Não é novidade nenhuma o
desinteresse (ou o desleixo, ou a preterição) dos governos federal, estadual e
municipal frente a cultura. Como diz a prefeita de Torres: se a crise é no país
ou no estado, a crise também é no município. Ou seja, problemas globais são
problemas locais. E parece que a preterição a cultura segue a mesma linha de
raciocínio. Sempre haverá prioridades à cultura.
Não vou entrar no terreno
pantanoso da política partidária, vou apenas falar sobre cultura e sua
importância para a sociedade no âmbito global e local. Poderia escrever sobre a
cultura e seu poder de mudar uma sociedade, de preservar esta sociedade ou de
projetá-la no futuro. Mas vou escrever sobre um livro que virou filme e que servirá
de metáfora para esta coluna.
O livro é “O doador de memórias”.
Segundo sua sinopse, a autora Lois Lowry constrói um mundo aparentemente ideal
onde não existem dor, desigualdade, guerra nem qualquer tipo de conflito. Por
outro lado, também não há amor, desejo ou alegria genuína. Os habitantes de uma
pequena comunidade, satisfeitos com a vida ordenada, pacata e estável que
levam, conhecem apenas o presente – o passado e todas as lembranças do antigo
mundo lhes foram apagados da mente. Um único indivíduo é encarregado de ser o
guardião dessas memórias, com o objetivo de proteger o povo do sofrimento e, ao
mesmo tempo, ter a sabedoria necessária para orientar os dirigentes da
sociedade em momentos difíceis. Aos 12 anos, idade em que toda criança é
designada à profissão que irá seguir, Jonas recebe a honra de se tornar o
próximo guardião. Ele é avisado de que precisará passar por um treinamento
difícil, que exigirá coragem, disciplina e muita força, mas não faz ideia de
que seu mundo nunca mais será o mesmo. Orientado pelo velho Doador, Jonas
descobre pouco a pouco o universo extraordinário que lhe fora roubado. Como uma
névoa que vai se dissipando, a terrível realidade por trás daquela utopia
começa a se revelar. Assim como Jonas, o resto da população deste mundo “ideal”

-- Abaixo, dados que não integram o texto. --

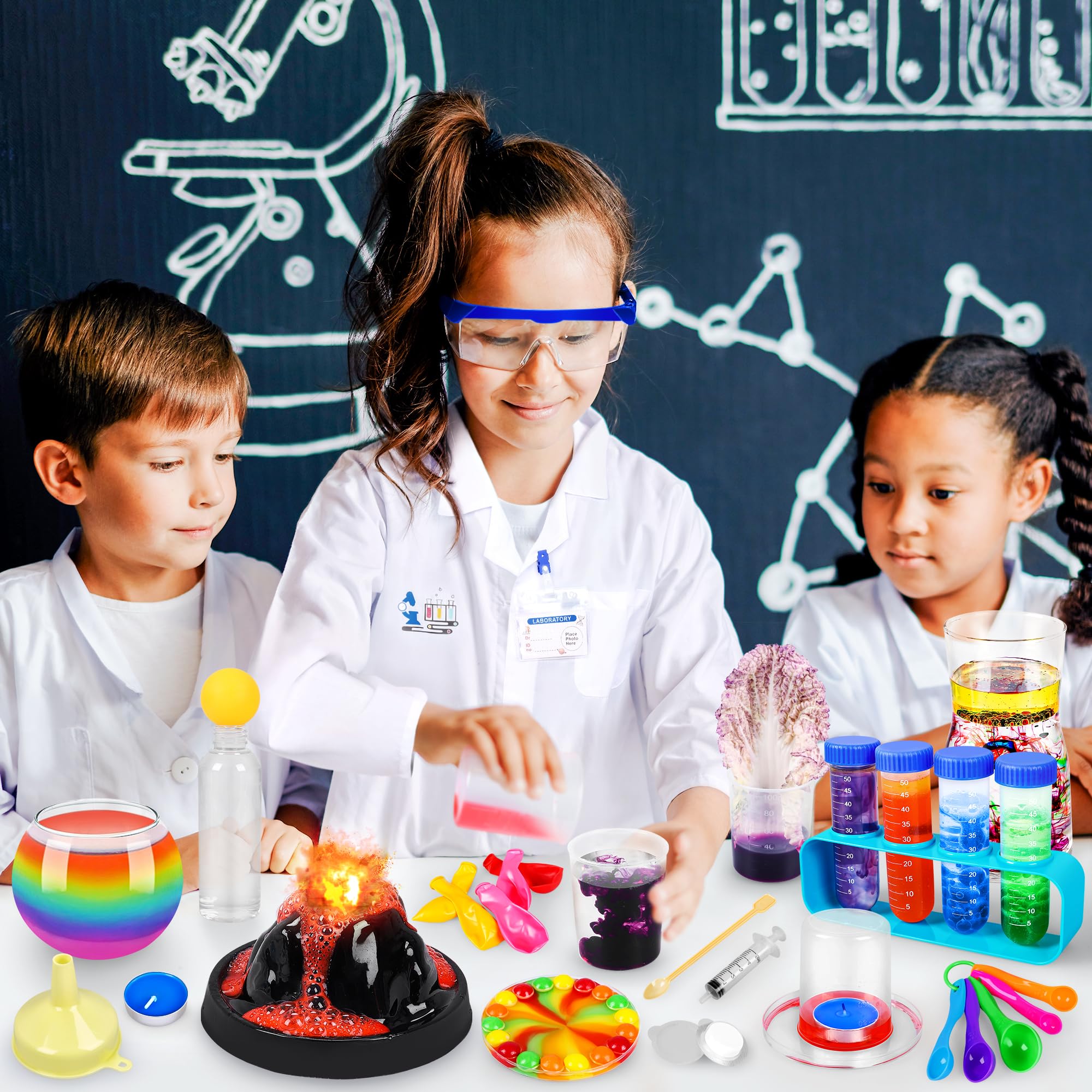 Kuovei Science Kit kids engage in hands-on experiments at home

desconhece muitas coisas consideradas não relevantes pelos anciãos que comandam
as comunidades (e muitos destes anciãos também não as conhecem). Não vou contar
o desfecho do livro (ou do filme) porque vale a pena ler o livro (ou ver o
filme). Quero com este exemplo fazer um paralelo com a nossa realidade
cultural.
Poderia citar diversos exemplos para
ilustrar o escasso interesse dos governos a respeito da cultura no Brasil ou no
estado, mas vou apenas lembrar dos casarios açorianos da Júlio de Castilhos, dos
cinemas antigos da cidade, dos CTG´s, das bandas, dos grupos de teatro, dos
grupos de danças, dos escritores, dos poetas e de tantos outros agentes
culturais da nossa cidade que sumiram ou silenciaram com o tempo. Falta de
apoio, falta de incentivo, falta de público, falta de “cultura”, falta de
memória ou tudo isso junto. Não sei, perdemos. Várias referências sumiram com o
tempo, outras surgiram, é verdade, mas com pouco incentivo cada um procura
salvar o seu “mercado cultural” do jeito que puder.

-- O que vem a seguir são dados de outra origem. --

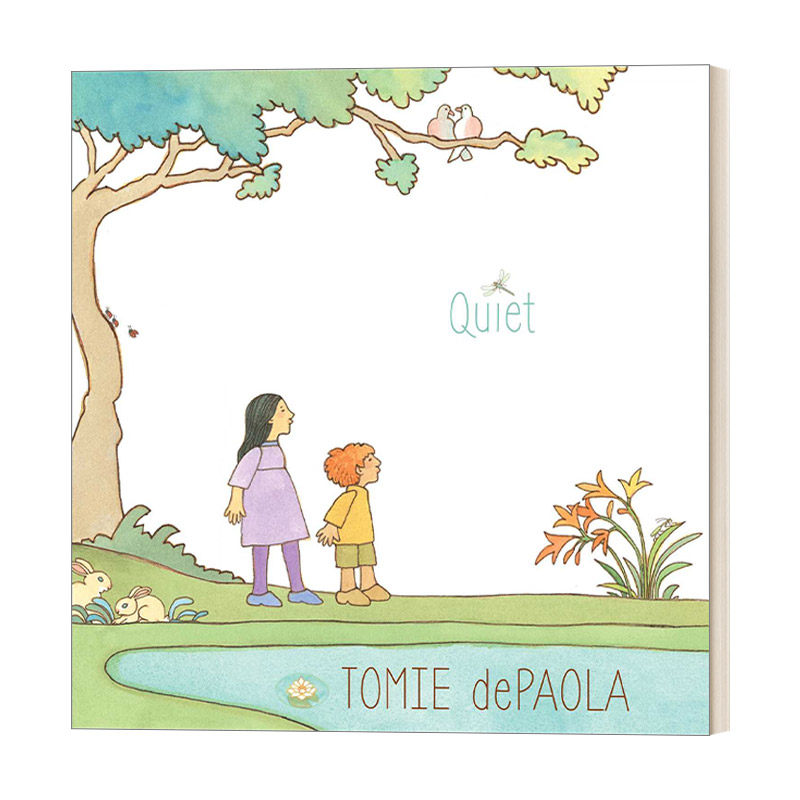 英文原版 quiet 宁静 精装绘本 凯迪克,纽伯瑞奖作家作品 美国绘本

Será que nossos governantes
(anciãos do livro) nos dão pouco acesso à cultura por desconhecer a sua importância,
por preterição ou por simplesmente ignorar sua existência? E a população
(comunidades) não têm acesso a cultura porque não sente falta do que não sabe
que existe? Ou seja, se desconhece sua existência, não sente falta.
Precisamos de um Jonas que liberte
a memória da cultura esquecida no passado ou nem lembrada e mostre com clareza
o seu poder transformador. Um Jonas que liberte a cultura em forma de teatro,
pintura, livros, danças, tradições regionais, poesias, aprisionadas no fundo de
uma memória burocrática e populista que teima em mantê-la longe dos cidadãos.
Enquanto isso não acontece, você
que é ligado a área, é agente ou produtor cultural, ou simplesmente aprecia a
cultura junte-se ao movimento cultural da cidade através do Conselho Municipal
de Cultura e ajude alguns “Jonas” nesta prazerosa, porém difícil tarefa.
Em tempo: Em Torres existem Doadores
de cultura (fruto do primeiro Edital do FUMCULTURA) prestando seu
trabalho em troca de sorriso, satisfação e conhecimento a serem reproduzidos infinitamente.